Colorado Governor Bill Owens will address the annual convention of the Maine College Republicans, to be held Saturday at the Portland Club in Portland.

Owens, who is considered by some to be a possible nominee for President or Vice President in 2008 or 2012, helped pass the Taxpayer Bill of Rights (TABOR) as a constitutional amendment in Colorado. A version of that state's law has been proposed for the November ballot, though a Maine Superior Court justice ruled Monday that the petition signatures for the citizen initiative were not submitted in accordance with state law.

TABOR was recently suspended for five years by a slim majority of Colorado voters. TABOR opponents say it was because the law hurts citizens by cutting public services (November 7, 2005, entry) below acceptable levels, while TABOR supporters, like Owens (who advocated for the suspension, years after being a pioneering backer of the idea), say it's because the state needed some minor changes - you know, like avoiding a fiscal crisis due to a shortage of money, even with drastic cuts to higher education, roads, and social services. Even businesses, usually strong backers of tax reduction, objected to the steep cuts in education and infrastructure.

The connection with Owens that led to him speaking in Maine was from Maine College Republicans chairman Nate Walton, who spoke at "Restoration Weekend," activist David Horowitz's event about the Academic Bill of Rights in Phoenix, Arizona, in late February. Owens, also noted for his intolerant social policies, also attended, and the invitation was made, according to Oliver Wolf, the Maine College Republicans' communications director.

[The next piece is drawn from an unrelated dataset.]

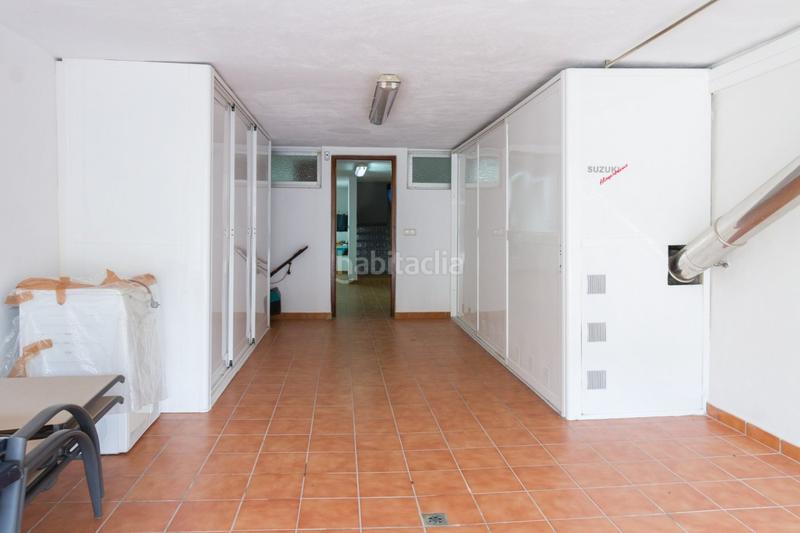 Foto becb3d0b-da15-4e2e-8043-d6cc2fdd52be. Chalet in calle cova de l'aire 12 in Barx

Also speaking at Saturday's conference will be US Senator Olympia Snowe, who is up for reelection this year, and is noted by constituents and members of the media alike for her inaccessibility.

(And the security at her Portland office is far heavier than at Senator Susan Collins's office a block away. Not only is Snowe's office in an office building and up several flights, but a Snowe staffer says it's because of "homeland security" that the office of Maine's senior senator is equipped with a camera and buzzer in the hallway, a plexiglas window like a bank teller's, a locked door to the inner sanctum, and a sign-in book before any of the staff will actually talk to a visitor. Collins's office, by contrast, is on the ground floor of a busy building, near a public eating and gathering space, and is open to anyone without any physical barriers. What does the Department of Homeland Security know that we don't? Or is Collins expendable?)

"We have a good relationship with Senator Snowe," says Wolf, who sees the meeting as "a great opportunity" to involve young people in politics.

Other speakers will be prominent adult Republicans from around the state, including those who are running for governor, US House, and state legislators.